I just compiled in ACPI Support <*> Processor, but I can see you already did that... don't know if it should always report the C-states with dmesg, it looks that ACPI/Processor is not detected though. Maybe your hardware is too new for the kernel code to support. My board/bios/cpu are too old for athcool (needs C2), so I stay with C1 and PM-timer (not bad at all).   :Smile: 

Regards.

----------

## solarium_rider

Hmm...I dunno if it's too new.  It's 2003 motherboard, so you would think it would be supported.  I'm just wondering if it's an issue with the Mobile Athon, since it's not officially supported my the motherboard since it's a desktop.  Many people run this though, and I wonder if they have noticed the same problem?

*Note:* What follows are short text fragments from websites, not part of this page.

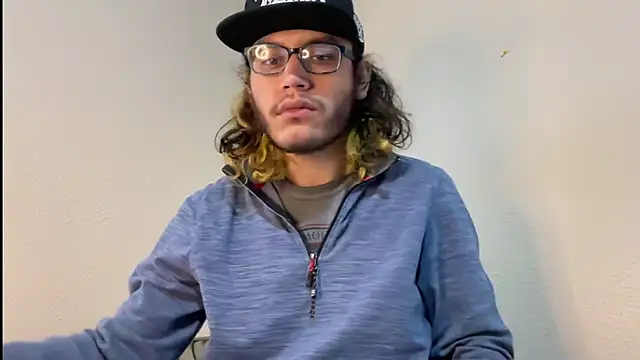 Snapshot of zacthefeetguy chatting on 2, 3, 2026 zacthefeetguy online show from 2, 3, 2026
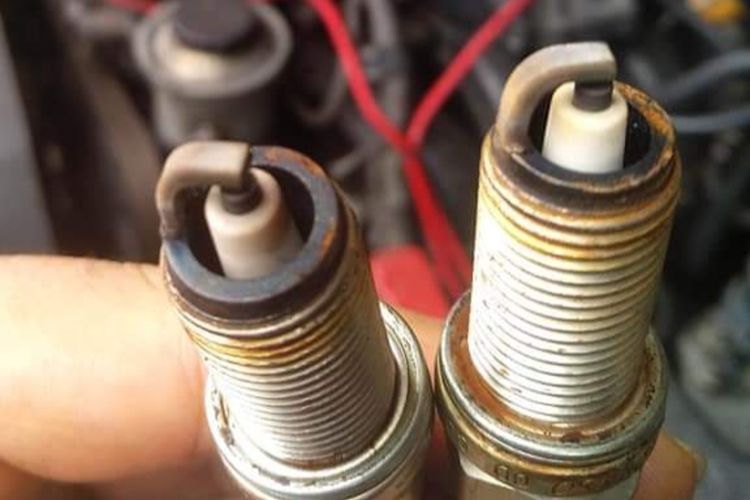 busi, mobil lawas, busi iridium, karburator, karbon, Busi, Busi Iridium, Karburator, Ganti Busi Iridium, Mobil Lawas Wajib Lakukan Ritual Ini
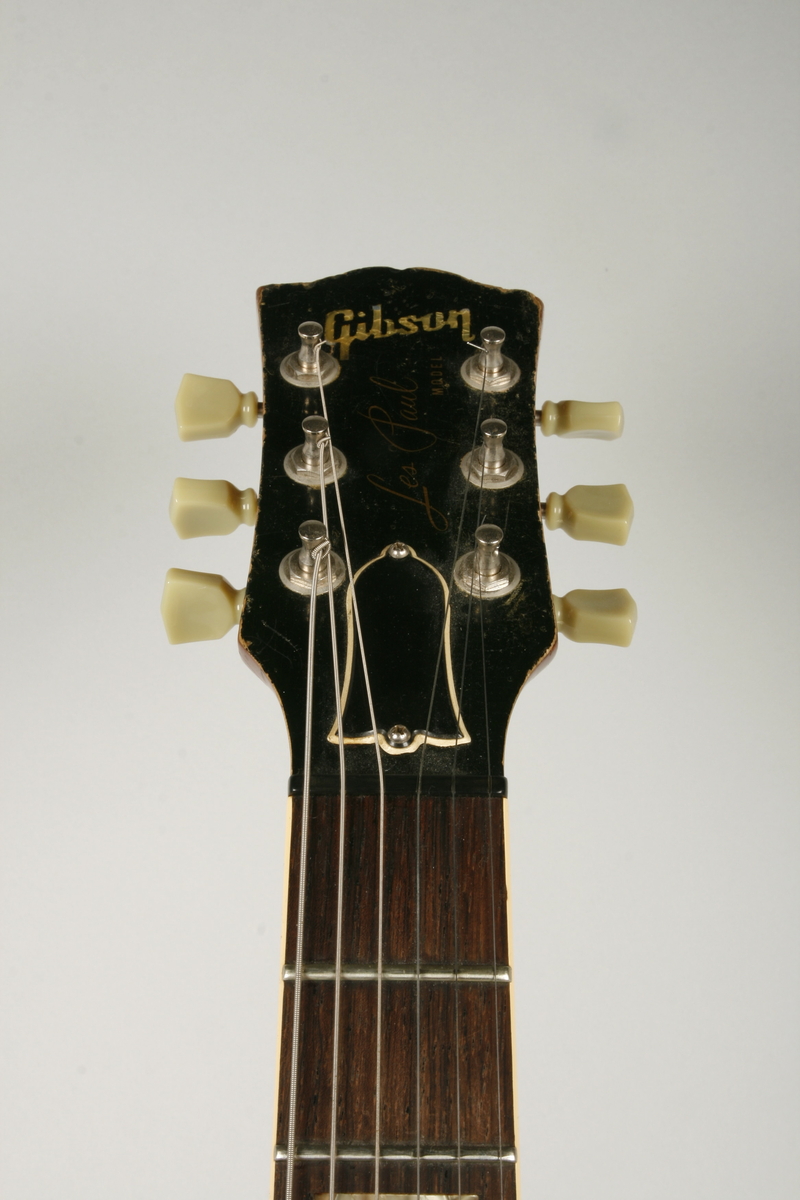 Gitar med 6 strenger. Kropp fra 1952, pikups fra 1957 (Humbucker). Lakkert om, innen innkomst.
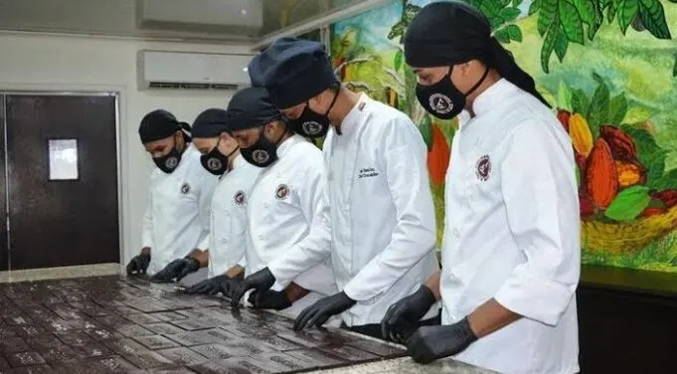 Intentaron un Récord Guinness en Monagas por línea de barras de chocolate más larga del mundo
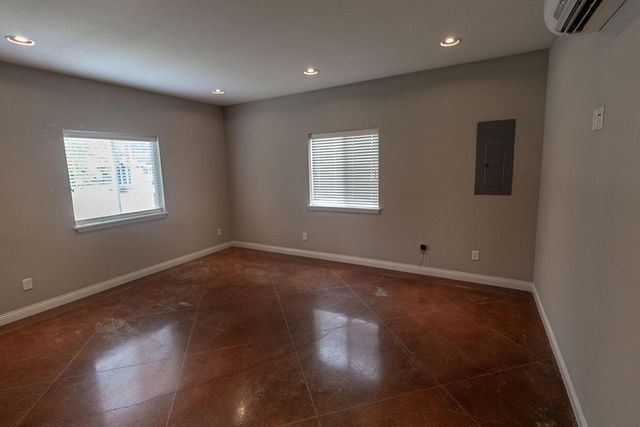 1413 PARIS RD 101, Columbia, MO 65201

I'm really not that great of a kernel hacker (I did some scheduling modifications in school about 5 years ago), so it's hard for me to look at the code and figure out what's going on (I haven't programmed in C/C++ in quite a few years, I'm more of a hardware engineer.)

----------

## lost+found

 *solarium_rider wrote:*   

> # CONFIG_X86_PM_TIMER is not set

 

Maybe you better use Power Management Timer, for the moment.

 *Quote:*   

> Linux Kernel v2.6.9-gentoo-r1 Configuration
> 
>  ───────────────────────────────────────────────────────────────────────────
> 
>   ┌────────────────────────────────────────── Power Management Timer Support ──────
> ...

 

Orrrr, this... *Quote:*   

> http://www.daniel.nofftz.net/linux/Athlon-Powersaving-HOWTO.html:
> 
> ...2.6.x Kernel: Powermanagment options+ACPI. You must have at least the option Processor enabled. You shouldn't enable Thermal Zone !!...

 

----------

## COiN3D

What does this script exactly do? Does it reduce the CPU Clock Frequency or what?

----------

## lost+found

 *COiN3D wrote:*   

> What does this script exactly do? Does it reduce the CPU Clock Frequency or what?

 

http://www.daniel.nofftz.net/linux/Athlon-Powersaving-HOWTO.html:

 *Quote:*   

> 1.1. Basics on the Athlon Power Saving Mode
> 
> The HLT signal which is used by the normal idle-loop of the Linux kernel doesn't normaly bring any significant power-saving on processors of the Athlon/Duron family (hereafter referred to as Athlon processors). To get real power-saving on an Athlon processor, you have to put the processor in the STPGNT-Mode (Stop Grant Mode). In this mode, the processor is disconnected from the front-side bus (FSB), and can turn off parts of the CPU as well as reduce the clock to save power. 
> 
> Some modern Motherboards/Chipsets also support a Function to make a STPGNT when a HLT signal is detected.

 

The last one Athcool using HLT (= C1 if monitor/mwait is not supported) on AMD751 keeps crashing my system. Bad luck for me: no supercool Athlon550.  :Wink: 

----------

## frostschutz

Hi,

athcool can be _dangerous_. I installed athcool several weeks ago and did a lot of testing after that... there were no problems at all, sound playback fine, nvidia 3D acceleration fine, hard disk performance fine, and temperature much lower than before (while the system is idle). So I thought all was well and forgot about it.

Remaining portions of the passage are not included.